# Who is the better tower Fabricator in N Florida



## PELAGIC PIRATE (Oct 10, 2007)

I am looking to have my tower put back on to the boat and need a Marine welder who can handle the job and get it done right the first time .

Any Suggestions guys ?

Destin 

Panama City 

Pensacola 

Thanks Guy's


----------



## Splittine (Nov 24, 2007)

Get with Breeze Fabrications he is a forum member.


----------



## plankton (Sep 26, 2009)

Ask for Justin @ osprey , they will even do work on-site if your not able to bring to shop. He is very meticulous with his work and it shows.


----------



## Linkovich (Oct 24, 2007)

Tim at Breeze Fabricators. He's been doing it forever, does great work, and is a forum member!


----------



## TURTLE (May 22, 2008)

> *Linkovich (11/19/2009)*Tim at Breeze Fabricators. He's been doing it forever, does great work, and is a forum member!
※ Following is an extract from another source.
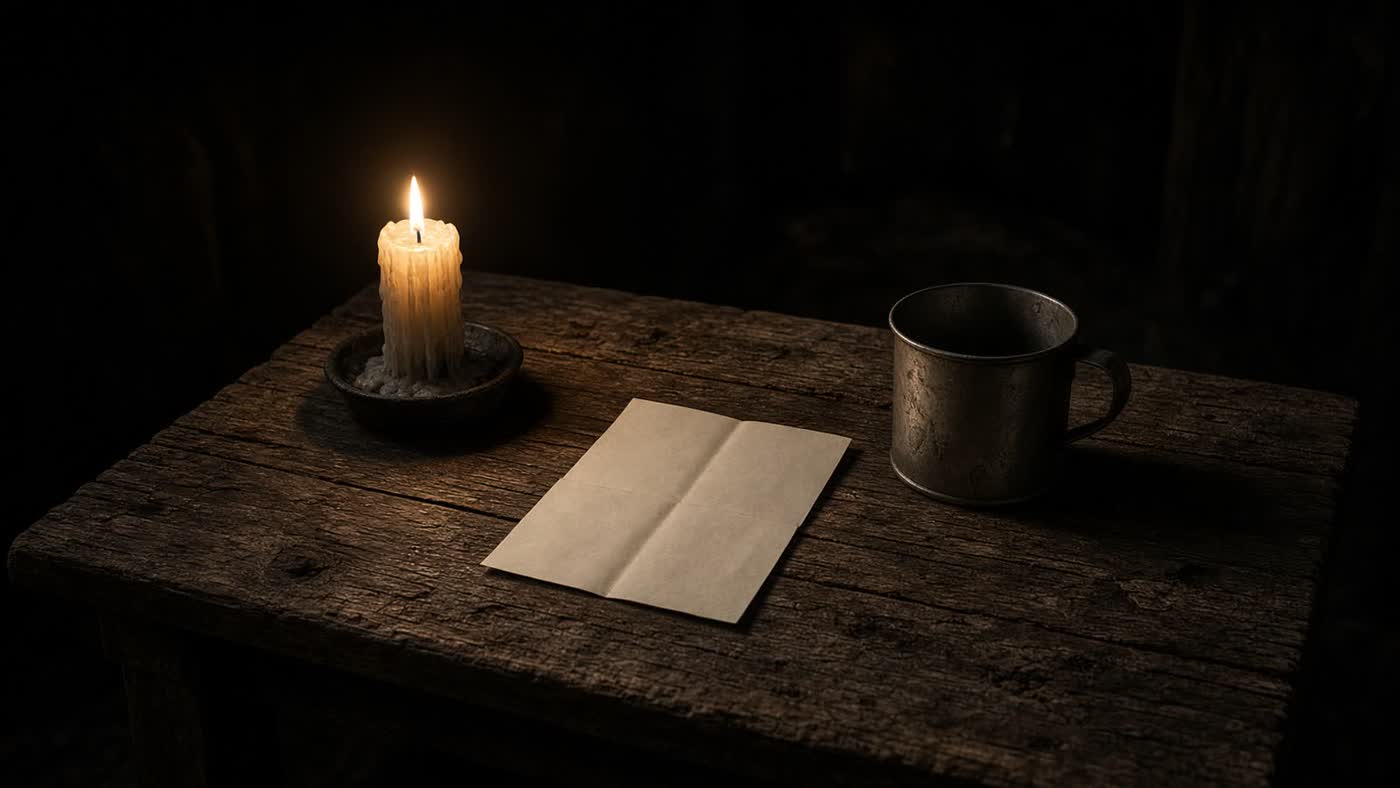 A camp table, cheap paper, no flag in gold light and no beautiful corpse.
*+1 , I don't know any others but Tim And Tad are great and did an excellent job on my T-Top at a great price and timely fashion.:bowdown*


----------



## jjam (Dec 9, 2007)

> *Linkovich (11/19/2009)*Tim at Breeze Fabricators. He's been doing it forever, does great work, and is a forum member!
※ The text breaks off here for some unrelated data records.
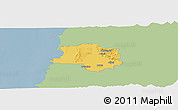 Savanna Style Panoramic Map of Lushnjë, single color outside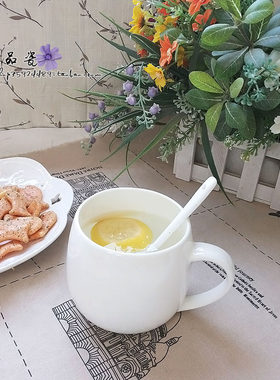 陶瓷水果纯白早餐杯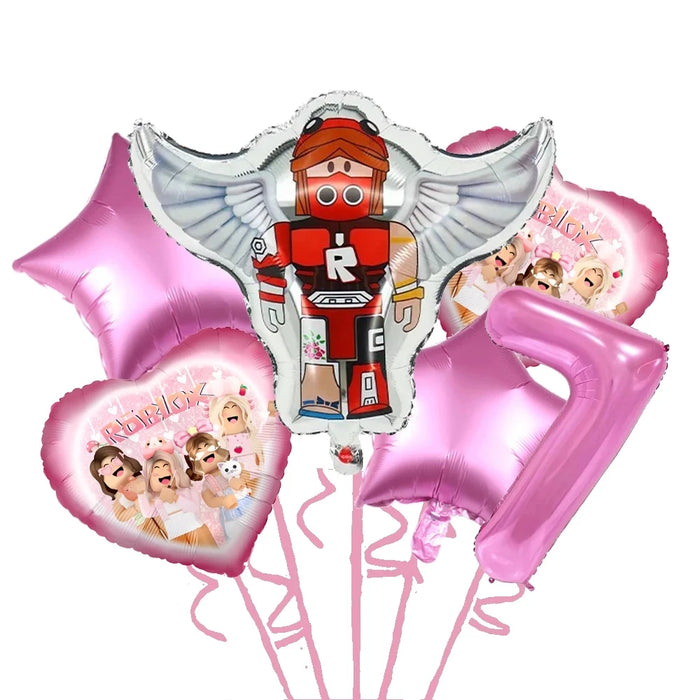 Roblox Birthday Children Decoration Pink Girl Balloons Tableware bag Paper Plate Cup Straw Party Supplies Game Baby Shower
+1 = did excellent work on my tower and many others I have witness...Tim also fabricated my alum 18 semi v hull 10 yrs ago and it's still going strong...

Jimmy


----------



## gator7_5 (Oct 4, 2007)

The best work and service in Pensacola? Blue Coral by far. Maybe not the cheapest, but you know how the saying goes.


----------



## Jaw Jacker (Jul 29, 2009)

Breeze fabricators. Built mine good work.


----------



## Sam Roberts (Oct 22, 2007)

ditto breeze fabricators. Seen awesome work come out of that crew!


----------



## Heller High Water (Nov 1, 2007)

Tim and his boys at Breeze Fab did a t-top and crows nest for me on the last boat ('08). Some of the best welds I have ever seen. Definitely recommend them.


----------



## -=Desperado=- (Jun 19, 2009)

Tim does the best work around here IMO.ide seen alot of towers bt you can always tell tims work.breeze fabricators would be my first and last choice


----------



## Kim (Aug 5, 2008)

Talk to Dave at Canvas Specialties in Fort Walton. He has done about 30 jobs for customers of mine and all have been 100% satisfied.



Kim


----------



## FLYBOY (Oct 3, 2007)

Hands down Tim at Breeze Fabricators, he put the tower on my boat and it is awesome:bowdown:bowdown:bowdown


----------



## badazzchef (Oct 1, 2007)

Not only does Tim do a hell of a job in metal work with regards to towers, he does a great job of building out a restaurant bar with the tower material. Anyway ditto to Tim


----------



## Breeze Fabricators (Oct 2, 2007)

Thanks for the kudo's. This will mean alot to the boys at the shop. Tim:usaflag


----------



## whome (Oct 2, 2007)

> *gator7_5 (11/19/2009)*The best work and service in Pensacola? Blue Coral by far. Maybe not the cheapest, but you know how the saying goes.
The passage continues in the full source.